The sudden necessity of protective face masks profoundly changed the way Christine interacted with the world. She doesn’t read lips, but she does rely on other people’s lip movement to understand when they’re trying to get her attention. “I couldn’t figure out if they were talking to me or they weren’t talking to me because their mouths were covered. So I had to develop new observational skills for that situation.” There were some upsides. The masks forced people to communicate better, to put their thoughts into words and gesture more. And the pandemic gave her extra space to focus on her art. “I made so much work,” she says. She and Roux even collaborated on a colouring book, My Two Year Old Child’s Interpretation of the Faces I Make While Reading Deaf-Related Headlines People Sent Me During the Lockdown. Roux was “going through a phase of drawing faces”, Christine says, so she decided to use them in the book.

Roux is hearing but fluent in ASL. She also speaks German and knows a bit of German Sign Language; her English, which she began to learn in May, is coming along, too. “I want to make sure we have really good communication, my daughter and I,” Christine says. But she often worries that as her daughter’s spoken language skills develop she’ll abandon signing. “It’s scary.”

Last year was, Christine says, “a really heavy year for me personally.” The global attention to the Black Lives Matter movement struck her as a necessary reckoning, and she joined the protests at the US Embassy in Berlin. As the pandemic wore on, “there were issues on top of issues,” she says, placing one hand on top of the other. She noticed first-hand the uptick in anti-Asian racism as people in Berlin began to step away from her on the train. She and a few of her collaborators started making shirts that said “Stop Asian Hate” in ASL. “I was so intrigued by the collective consciousness happening,” she says. “It’s become… performative.”
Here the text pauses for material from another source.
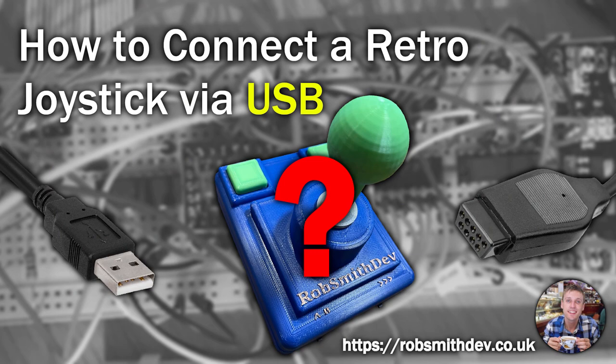Hello! Last time I showed you how to print and make your own retro joystick. In this video, I'll show you how to connect it to a modern PC via USB.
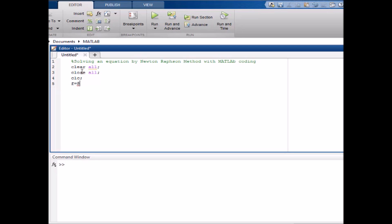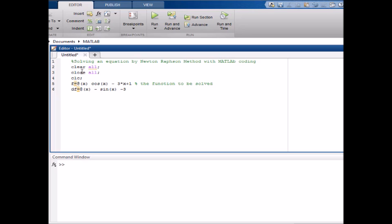The rule for declaring a function: our equation is f(x) = cos(x) minus 3 times x plus 1. Then I will write the derivative of this function, which equals negative sin(x) minus 3. This is the function to be solved and this is the derivative of that function.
Now that she’s vaccinated and able to travel again, she is still working on projects. “But I’m struggling with drawing.”

At the time of our conversation, she was about to debut a series of works in the north-west of England, commissioned for the Manchester International Festival. In it, she played with the idea of captions, exploding the confined notion of cinema subtitles to translate the emotions and power dynamics of the real world. Christine applied caption texts to the walls of 40 different buildings across the city centre. On the walls of the National Football Museum, “[The sound of agreeing never to call it soccer]”. On the side of an Aldi supermarket, “[The sound of Zoom life fading away]”. On the Manchester Deaf Centre, “[The sound of BSL asking why there isn’t one universal spoken language]”.

For now, she’s happy to be taking a break and spending time with her family. “As a Deaf person, I plan to move back to America one day,” she says. “I know there’s a lot of issues – guns, fires, drought, earthquakes – I know all of that. But disability rights are amazing here. And that’s why I don’t plan to stay forever in Germany.

“It took me a long time to see that I could make a living off art,” she continues. “And then I had a platform, and then the platform widened and multiplied.” Today her work is in the collections of the Smithsonian American Art Museum and of her former employer the Whitney. This has changed how she approaches her art. Growing up, she had to cultivate an awareness of how hearing people experience sound. She had to learn the etiquette of being quiet around the house and in certain public spaces. She’s gone from being a little girl who’s grateful for TV captions to an artist who manipulates them to express herself. “And now I can say, ‘This sounds like tofu and that’s final.’ And people will accept without objecting. I love that shit.” She’s done borrowing voices.